A spring brake cylinder of this type usually has a housing, in which a spring brake piston is guided. The piston divides the interior of the housing into a spring accumulator chamber and a pressure space. A spring device which prestresses the spring brake piston in the direction of the pressure space is arranged in the spring accumulator chamber. In order that a parked or braked vehicle, in which the spring brake cylinder is arranged, can be moved, the pressure space is loaded with compressed air in such a way that the spring brake piston is displaced counter to the prestressing action of the accumulator spring. As a result, a brake device which is coupled to the spring brake piston is disengaged from a brake disk, with the result that the vehicle is no longer braked. For brake actuations during driving, a spring brake cylinder of this type can be coupled in a known way to a service brake cylinder in the form of what is known as a combined cylinder.

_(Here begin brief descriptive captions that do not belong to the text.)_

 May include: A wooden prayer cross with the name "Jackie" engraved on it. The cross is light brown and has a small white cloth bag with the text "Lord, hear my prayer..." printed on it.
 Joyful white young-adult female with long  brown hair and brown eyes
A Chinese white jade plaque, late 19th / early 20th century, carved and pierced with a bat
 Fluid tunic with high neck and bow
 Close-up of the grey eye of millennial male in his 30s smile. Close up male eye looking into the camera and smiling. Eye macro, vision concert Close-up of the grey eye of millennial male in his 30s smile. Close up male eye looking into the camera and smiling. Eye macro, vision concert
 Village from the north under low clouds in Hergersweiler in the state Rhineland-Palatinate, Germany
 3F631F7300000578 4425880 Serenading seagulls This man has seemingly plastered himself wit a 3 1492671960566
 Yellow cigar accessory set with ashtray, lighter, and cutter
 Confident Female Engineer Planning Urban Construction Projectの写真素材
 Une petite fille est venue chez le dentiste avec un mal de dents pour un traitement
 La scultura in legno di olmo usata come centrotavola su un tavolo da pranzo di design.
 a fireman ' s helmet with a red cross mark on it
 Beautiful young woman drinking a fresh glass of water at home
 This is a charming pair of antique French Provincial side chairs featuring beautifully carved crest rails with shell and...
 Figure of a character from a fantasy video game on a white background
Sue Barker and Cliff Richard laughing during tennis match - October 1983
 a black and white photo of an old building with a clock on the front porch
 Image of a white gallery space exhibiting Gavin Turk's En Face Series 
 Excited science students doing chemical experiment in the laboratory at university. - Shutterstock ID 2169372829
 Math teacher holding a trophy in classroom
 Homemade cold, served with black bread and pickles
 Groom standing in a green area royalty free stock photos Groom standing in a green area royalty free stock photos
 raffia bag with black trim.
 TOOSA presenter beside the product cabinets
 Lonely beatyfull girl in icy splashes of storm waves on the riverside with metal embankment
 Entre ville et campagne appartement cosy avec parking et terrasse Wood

In the case of combined service brake and spring brake cylinders (combined cylinders), in the parking brake case the spring brake piston actuates a service brake piston of the service brake cylinder by way of its spring brake piston tube. The service brake piston in turn has a service brake piston rod which interacts with a brake mechanism of the vehicle brake, in particular a disc brake. A brake mechanism of this type is described, for example, in EP 0 740 085 B1 and has a pivoting lever which is connected in an articulated manner to the service brake piston rod and is connected fixedly to a brake application shaft so as to rotate with it. The brake application shaft is provided with a cam contour which, upon a rotation of the brake application shaft about its longitudinal axis, leads to an axial relative movement of a brake caliper and a brake pad of a disc brake.
If a substantial reduction in the air pressure in the pressure space then occurs on account of a pressure failure in the system, the spring brake piston is displaced in the direction of the pressure space on account of the prestress of the accumulator spring, in such a way that the brake device which is coupled to the spring brake piston acts and performs a braking operation of the vehicle. In this way, for example in the case of a line rupture of the brake pressure line during driving, it is to be reliably prevented that a commercial vehicle continues to drive in an unbraked manner and therefore becomes difficult to control.
This enforced braking operation in the case of a deficient compressed air feed is additionally also utilized in the case of trailers, etc., which have been parked for a relatively long time, in order that it can be prevented that said vehicles roll away unintentionally.
The braking action which is exerted in this way in cases of this type by way of the mechanical accumulator spring in the spring brake cylinder is to be capable of being released again, however, for example in order to displace parked vehicles or to clear a driving lane which is blocked on account of a breakdown, in order that the relevant vehicles can be moved and, for example, traffic obstacles can be eliminated.
Since the existing compressed air supply is sometimes damaged here, however, as a result of line rupture, etc. and cannot be used, and there is also no supplementary compressed air supply, it is necessary in practice that spring brake cylinders of this type have a mechanical emergency release device. The latter is usually provided with an actuating device in the form of a threaded spindle which is accessible from outside and can be actuated in a rotatable manner. The threaded spindle is held such that it can be rotated or screwed in a bush in the bottom of the spring brake cylinder and interacts, as described in WO 97/07322 A1 which forms the generic type, with a nut which is held fixedly in the spring brake piston tube so as to rotate with it. The result is that a rotation of the threaded spindle brings about a linear displacement of the nut on the threaded spindle.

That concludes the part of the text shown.